» **RECORDS SUPPLIED**:
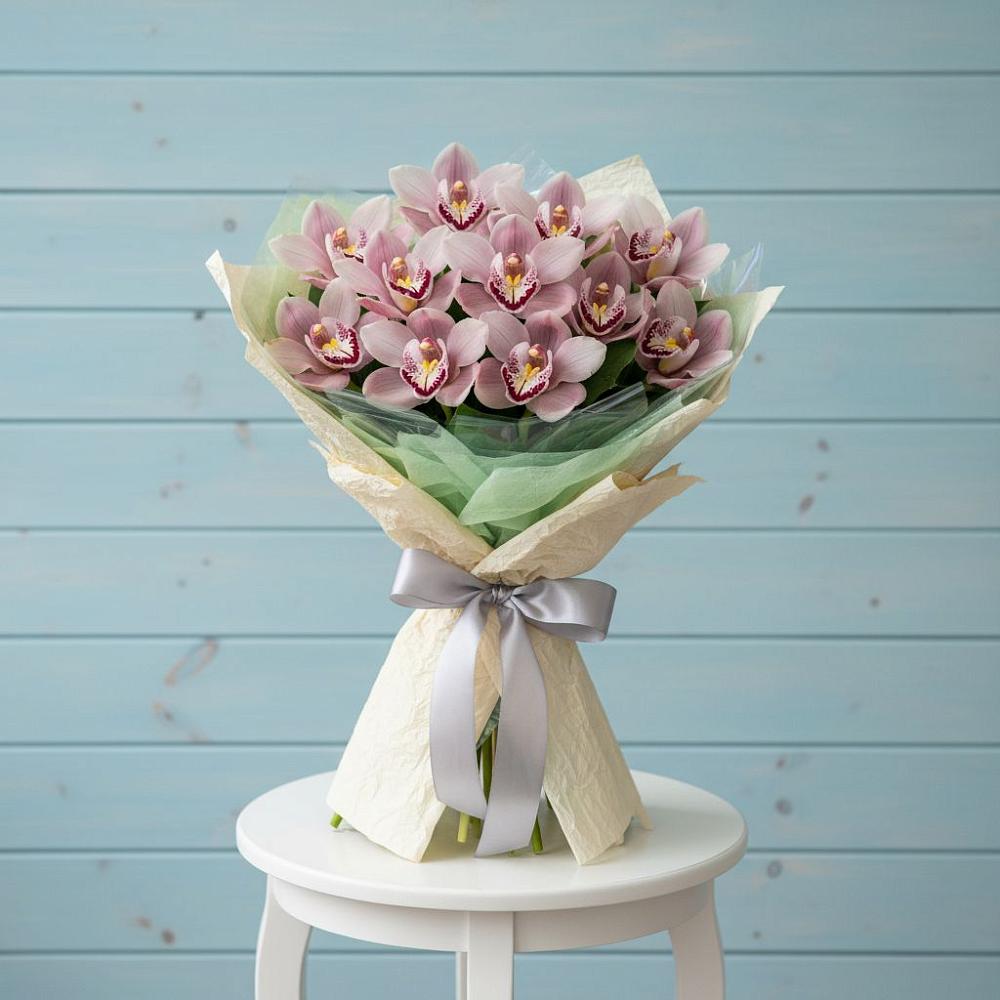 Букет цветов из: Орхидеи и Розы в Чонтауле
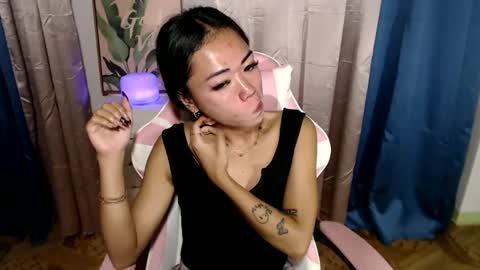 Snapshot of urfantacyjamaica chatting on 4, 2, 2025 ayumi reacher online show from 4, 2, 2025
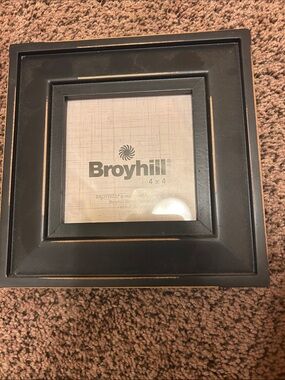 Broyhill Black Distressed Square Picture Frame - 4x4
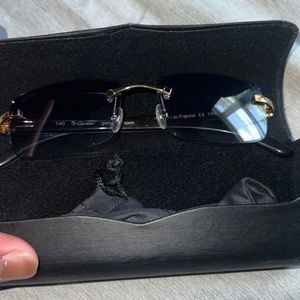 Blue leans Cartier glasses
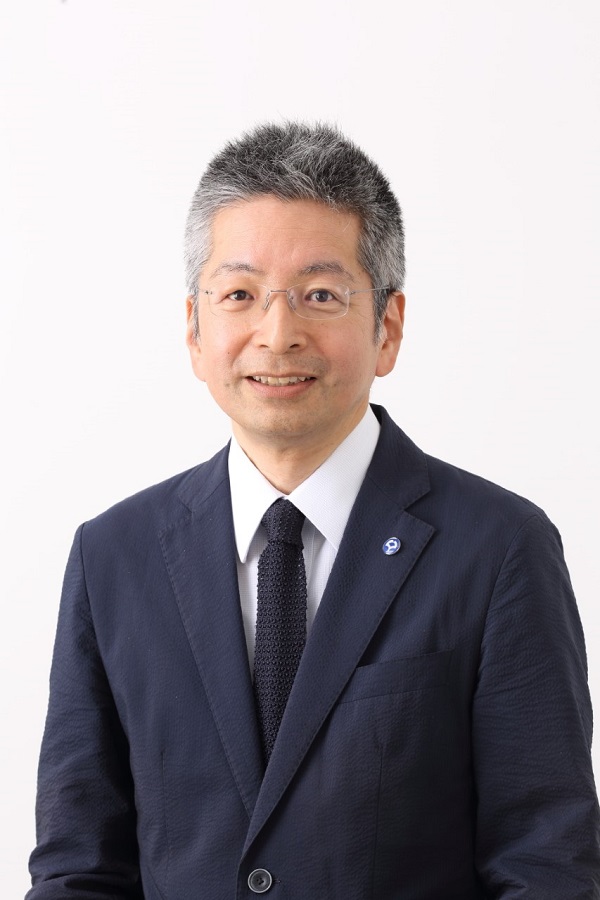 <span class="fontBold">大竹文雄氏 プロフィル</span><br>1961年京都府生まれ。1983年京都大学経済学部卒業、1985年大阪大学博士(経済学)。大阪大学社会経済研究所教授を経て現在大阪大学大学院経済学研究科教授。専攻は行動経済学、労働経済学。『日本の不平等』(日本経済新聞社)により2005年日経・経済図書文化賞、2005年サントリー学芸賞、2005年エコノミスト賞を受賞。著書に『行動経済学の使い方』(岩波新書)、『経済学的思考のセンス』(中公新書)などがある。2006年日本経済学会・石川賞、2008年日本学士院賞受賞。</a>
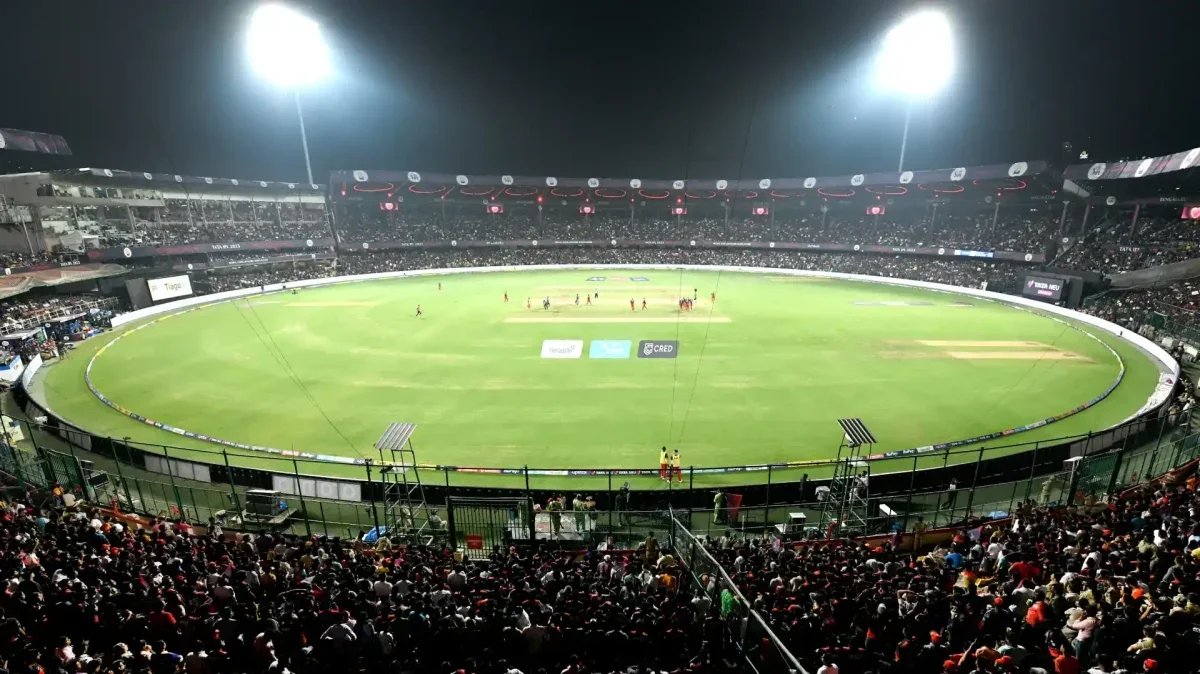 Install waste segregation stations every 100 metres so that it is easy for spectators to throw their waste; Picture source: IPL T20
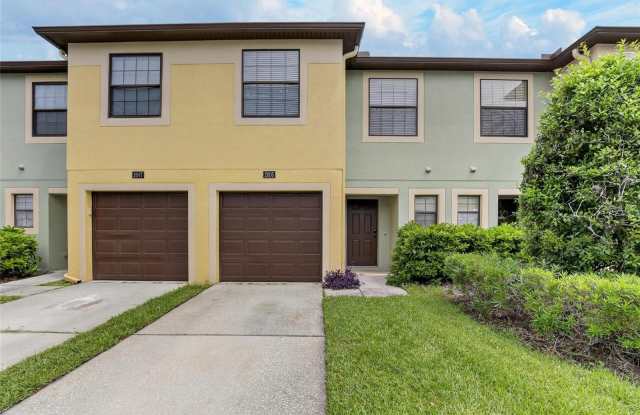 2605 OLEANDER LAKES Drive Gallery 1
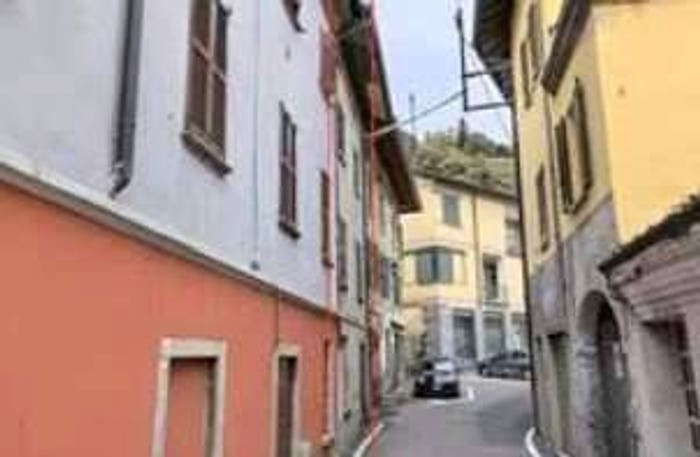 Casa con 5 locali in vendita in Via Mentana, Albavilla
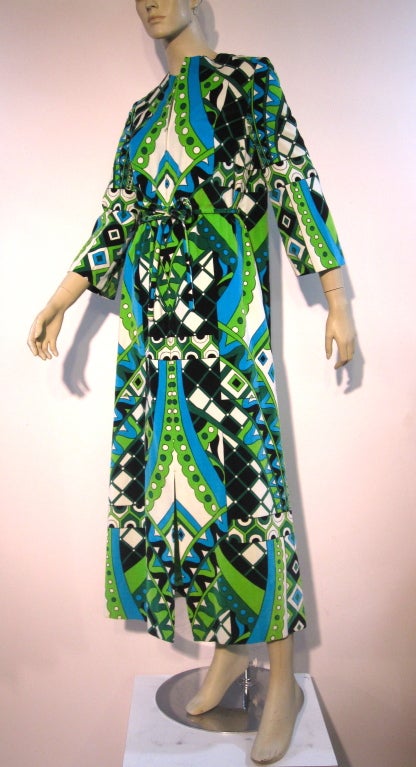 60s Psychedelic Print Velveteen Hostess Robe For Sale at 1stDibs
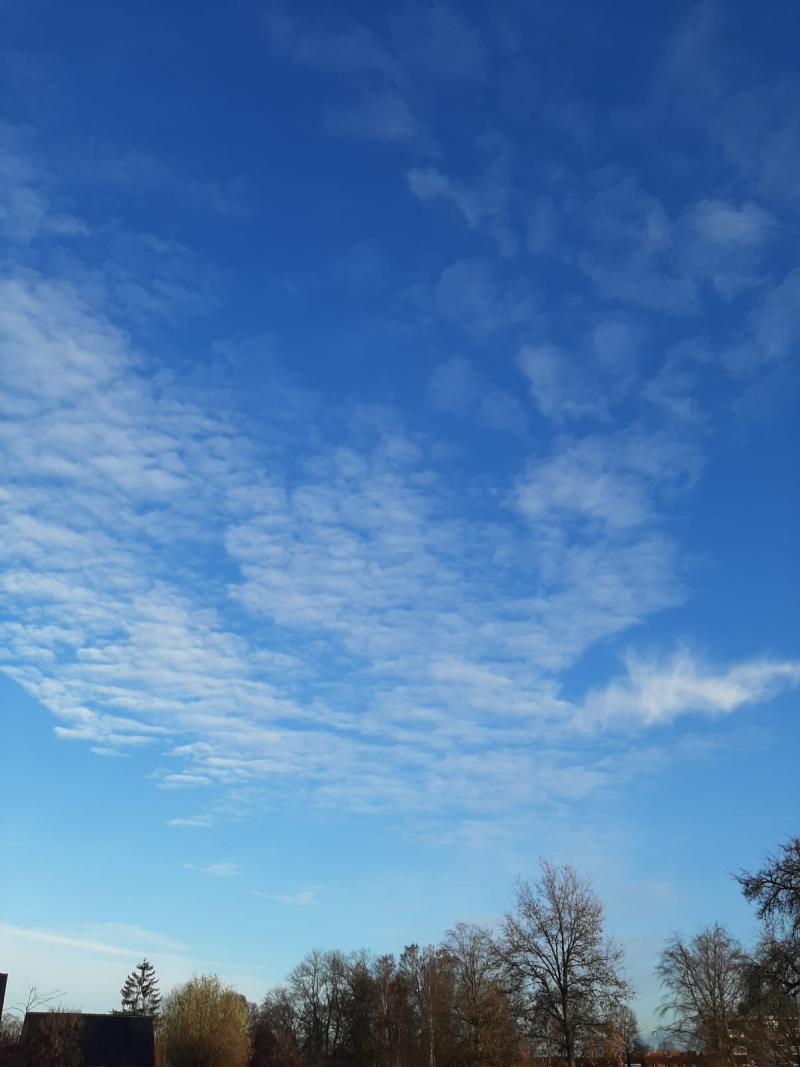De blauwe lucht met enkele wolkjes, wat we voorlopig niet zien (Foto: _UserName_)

» **WHAT TO DO**: Any picture in the data is to be skipped, while each line is returned exactly as written.

» **TASK SOLUTION**:
 Букет цветов из: Орхидеи и Розы в Чонтауле
 Snapshot of urfantacyjamaica chatting on 4, 2, 2025 ayumi reacher online show from 4, 2, 2025
 Broyhill Black Distressed Square Picture Frame - 4x4
 Blue leans Cartier glasses
 <span class="fontBold">大竹文雄氏 プロフィル</span><br>1961年京都府生まれ。1983年京都大学経済学部卒業、1985年大阪大学博士(経済学)。大阪大学社会経済研究所教授を経て現在大阪大学大学院経済学研究科教授。専攻は行動経済学、労働経済学。『日本の不平等』(日本経済新聞社)により2005年日経・経済図書文化賞、2005年サントリー学芸賞、2005年エコノミスト賞を受賞。著書に『行動経済学の使い方』(岩波新書)、『経済学的思考のセンス』(中公新書)などがある。2006年日本経済学会・石川賞、2008年日本学士院賞受賞。</a>
 Install waste segregation stations every 100 metres so that it is easy for spectators to throw their waste; Picture source: IPL T20
 2605 OLEANDER LAKES Drive Gallery 1
 Casa con 5 locali in vendita in Via Mentana, Albavilla
 60s Psychedelic Print Velveteen Hostess Robe For Sale at 1stDibs
De blauwe lucht met enkele wolkjes, wat we voorlopig niet zien (Foto: _UserName_)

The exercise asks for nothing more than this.